Publication PUBLIÉ LE 27/11/2016 PAR Romain Béteille

« Nous n’avons pas de chemins tracés d’avance. Le monde n’est plus le même, personne n’y peut rien, il faut essayer de s’adapter » disait Simone de Beauvoir dans « Les mandarins ». Le parcours de Pascale Rousseau Dewambrechies ne pourrait guère se rapprocher davantage de cette idée. Depuis deux ans, elle est Présidente du comité Bordeaux-Atlantique de la Fondation de France, organisme privé et indépendant venant en aide à des personnes en difficultés via le montage de projets dans de multiples secteurs (l’éducation, le social, la culture, la science, etc.). C’est un travail qui la passionne, elle concède volontiers « avoir l’impression de ré-entamer une carrière professionnelle mais en tant que bénévole. Je retrouve le monde de l’entreprise, même si c’est un organisme à but non lucratif ». Pourtant, il n’est qu’à mi-temps. Elle cède l’autre moitié à l’écriture. Son premier roman, « L’effacement », est une histoire d’amour, de vie et de désir qui lui a valu trois prix (ceux du festival du premier roman de Chambéry, du Festival de St-Estèphe et du Métro Goncourt), et auquel elle compte bien donner un descendant, « Juste la lumière », au printemps prochain. Pour elle, il s’agit là d’une passion qui la suit depuis très jeune et d’un carrefour important. « Avec l’écriture, j’ai l’impression que j’ai vraiment trouvé ma vraie vie, que je ne renoncerai jamais. C’est devenu une de mes raisons de vivre. J’ai atteint un pays dans lequel je me plais et dans lequel j’ai envie de rester. C’est un but qui ouvre des horizons nouveaux ». Pour le reste, Pascale a déjà vu pas mal d’horizons. 

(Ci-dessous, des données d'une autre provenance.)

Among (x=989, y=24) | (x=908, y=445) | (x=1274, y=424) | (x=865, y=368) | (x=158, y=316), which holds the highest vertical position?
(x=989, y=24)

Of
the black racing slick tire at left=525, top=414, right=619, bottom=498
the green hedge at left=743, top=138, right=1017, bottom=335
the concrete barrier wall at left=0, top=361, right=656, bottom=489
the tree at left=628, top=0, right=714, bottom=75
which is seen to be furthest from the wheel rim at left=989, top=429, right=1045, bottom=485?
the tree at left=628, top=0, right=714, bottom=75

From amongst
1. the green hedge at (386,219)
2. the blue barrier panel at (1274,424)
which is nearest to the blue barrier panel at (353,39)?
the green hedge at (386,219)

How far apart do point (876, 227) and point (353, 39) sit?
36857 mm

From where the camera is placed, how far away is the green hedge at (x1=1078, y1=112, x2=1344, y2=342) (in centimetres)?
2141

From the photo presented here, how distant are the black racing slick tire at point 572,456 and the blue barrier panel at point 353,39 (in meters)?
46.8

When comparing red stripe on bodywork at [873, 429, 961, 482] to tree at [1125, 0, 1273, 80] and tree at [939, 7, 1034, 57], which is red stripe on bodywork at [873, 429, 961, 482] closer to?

C’est dans celui de son bureau de la Fondation de France qu’elle nous reçoit. Une pièce sans murs, sans portes, un mobilier sobre (car relativement récent) et ouvert avec une vue imprenable sur le Grand Théâtre de Bordeaux. A 63 ans et écrivain sur le tard, Pascale garde toujours une certaine prestance. Une coupe un peu à la garçonne telle qu’on la voit aujourd’hui sur pas mal de stars hollywoodiennes, une tenue sobre partagée entre le noir et le blanc et une certaine tenue dans le ton qui lui ont plusieurs fois valu d’être rangée dans la case des femmes « bon chic bon genre », ce dont elle réfute l’idée avec malice. « Ca me plaît bien que l’on me prenne pour quelqu’un de BCBG et qu’on se rende compte que je ne le suis pas du tout, ça m’amuse. Je suis un peu plus atypique que ça, mais j’aime beaucoup que ça ne soit pas immédiatement lisible par tous », dit-elle avec assurance. Si on devait résumer la première impression que nous laisse sa manière de parler, on dirait probablement qu’elle a une « voix de radio », une mise en voix et un rythme assez singulier, sans doute l’héritage de son passage par le Cours Simon, à Paris. Elle a en tout cas un timbre particulier et des airs parfois tranchés.

Éloge d’une cultivée

Née en Allemagne près de Mayence, deuxième d’une famille de trois enfants d’un père militaire engagé dans les forces françaises d’occupation et d’une mère secrétaire de direction, elle est très tôt habituée à changer régulièrement de cap. « On a vécu un peu partout, au gré de ses affectations. Dans l’Est de la France, dans les Pyrénées… A un moment donné, on s’est installés dans la région parisienne puis le Sud-Ouest, à Anglet. C’était particulier, pas toujours facile parce qu’il fallait quitter ses amis. Mais ça m’a certainement donné un certain sens de l’adaptation », s’avoue-t-elle avec le recul. Déjà, très jeune, Pascale est multi-cartes. Après un an à Sciences Po, elle arrive sur les planches, mais le réel la rattrape vite. « Des raisons financières et personnelles ont fait que j’ai eu envie de me « caser ». Il y avait beaucoup de comédiens et très peu d’élus, j’ai décidé de mettre une corde à mon arc et d’avoir un métier. J’aurais pu passer un autre concours, j’ai passé celui là ». Celui-là, c’est l’École Normale, qui la transforme en professeur de français dans des établissements du Grand Parc et auprès d’enfants de gens du voyage à Labarde durant deux ans. Très bonne élève, elle se cultive autant avec les grands classiques qu’avec les figures du nouveau roman. « La littérature, l’écriture, la lecture, tout ce qui est autour de ce qui peut être raconté, c’est un virus qui m’a prise très jeune ».  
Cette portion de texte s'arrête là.